Switzerland Overhauls Financial Market Legislation: Banking Compliance Rules Take Center Stage
In a bid to bolster financial stability and investor protection, Switzerland has comprehensively revised its financial market legislation. The revamped framework, which came into effect on January 1, 2020, incorporates various Acts, including the Anti-Money Laundering Act (AMLA), Banking Act (BA), Financial Market Supervision Act (FINMASA), Financial Market Infrastructure Act (FMIA), Financial Services Act (FinSA), and Financial Institutions Act (FinIA) among others.
Enhancing Legal Certainty, Competitiveness, and Exportability
The new regulations aim to enhance legal certainty, competitiveness, and exportability of Swiss financial products and services. Key changes include:
- Stricter regulation of asset managers and trustees
- More detailed conduct rules for investment advice
- Extended prospectus requirements for financial instruments
- Creation of a solid legal framework
Investor Responsibility
Under the FinSA, investors are now expected to take greater responsibility for themselves. The Act consolidates existing duties previously scattered across various texts, case law, and circulars.
Notable Changes
- Stricter regulation of asset managers and trustees
- Enhanced conduct rules for investment advice, including documentation and transparency requirements
- Extended prospectus requirements for financial instruments
- Creation of a key information document for clients
Other Reforms
The Banking Act (BA) remains unchanged, while the Financial Institutions Act (FinIA) brings independent portfolio managers under prudential supervision.

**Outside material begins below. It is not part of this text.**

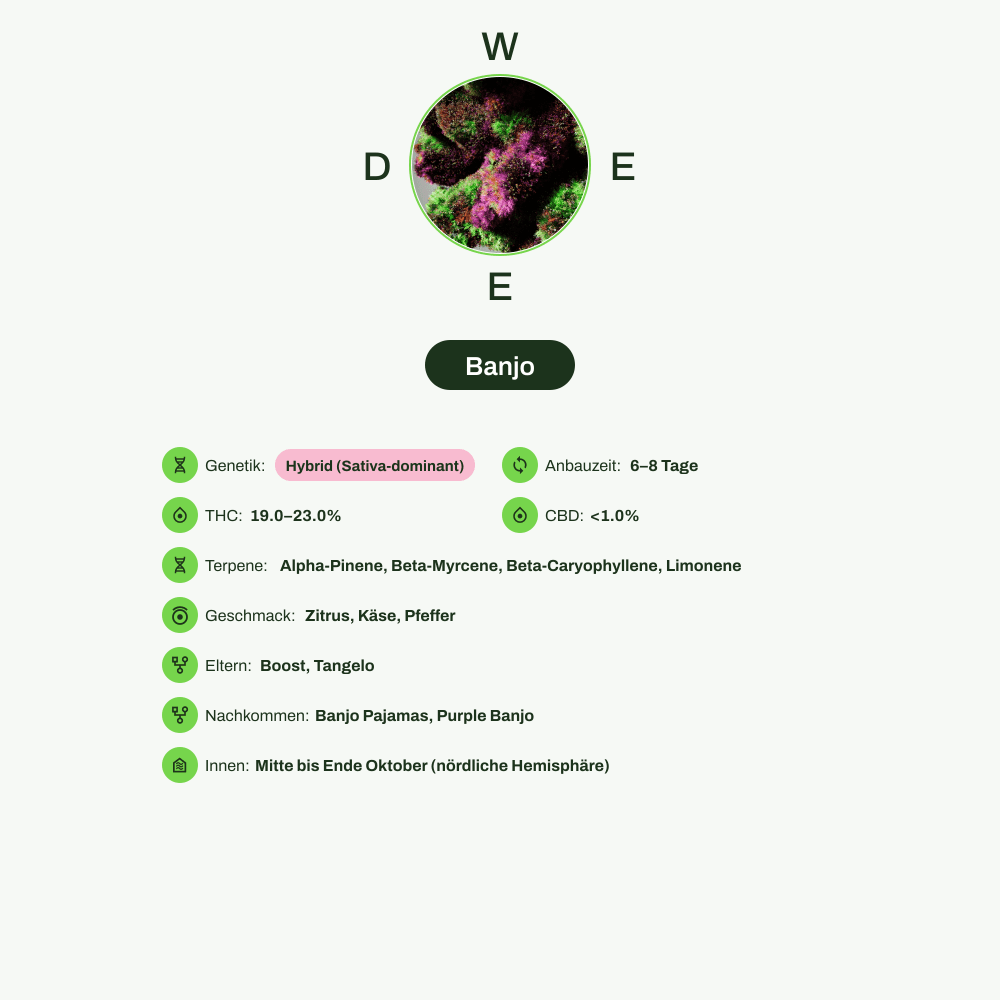 Infografik über THC-Gehalt, CBD-Gehalt, Terpene, Wirkungen, Geschmack von Banjo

Ordinances Enter into Force
In addition to the FinSA and FinIA, three ordinances entered into force on January 1, 2020:
- Financial Services Ordinance (FinSO): Outlines financial service providers’ consultation and information duties
- Financial Institutions Ordinance (FinIO): Contains implementing provisions for the authorisation of financial institutions
- Supervisory Organisations Ordinance (SOO): Governs the authorisation requirements for supervisory organisations overseeing portfolio managers, trustees, and assay offices
Industry Input
The Swiss Bankers Association played an active role in shaping the new regulations through its extensive input during the legislative process. While some industry concerns were addressed, others were not incorporated into the final texts.
Two-Year Transition Period
A two-year transition period applies to most duties under the FinSA and FinIA, allowing market participants sufficient time to adapt to the new regulations.
Conclusion
As Switzerland’s financial center looks to access foreign markets, these reforms provide a solid foundation for growth and stability. The revised framework is expected to enhance legal certainty, competitiveness, and exportability of Swiss financial products and services, while ensuring greater investor protection.